(Records drawn from a dataset)

- - -

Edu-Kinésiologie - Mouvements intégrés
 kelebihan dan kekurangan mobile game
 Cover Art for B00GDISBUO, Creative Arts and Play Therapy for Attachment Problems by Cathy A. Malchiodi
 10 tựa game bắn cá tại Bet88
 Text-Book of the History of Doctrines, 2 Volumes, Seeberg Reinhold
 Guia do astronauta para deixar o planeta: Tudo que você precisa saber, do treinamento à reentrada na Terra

- - -

» **TASK**
Word for word, restate only the lines from the one containing "Text-Book of the" through the last line of the entries, with both ends kept.

» **EXPECTED ANSWER**
 Text-Book of the History of Doctrines, 2 Volumes, Seeberg Reinhold
 Guia do astronauta para deixar o planeta: Tudo que você precisa saber, do treinamento à reentrada na Terra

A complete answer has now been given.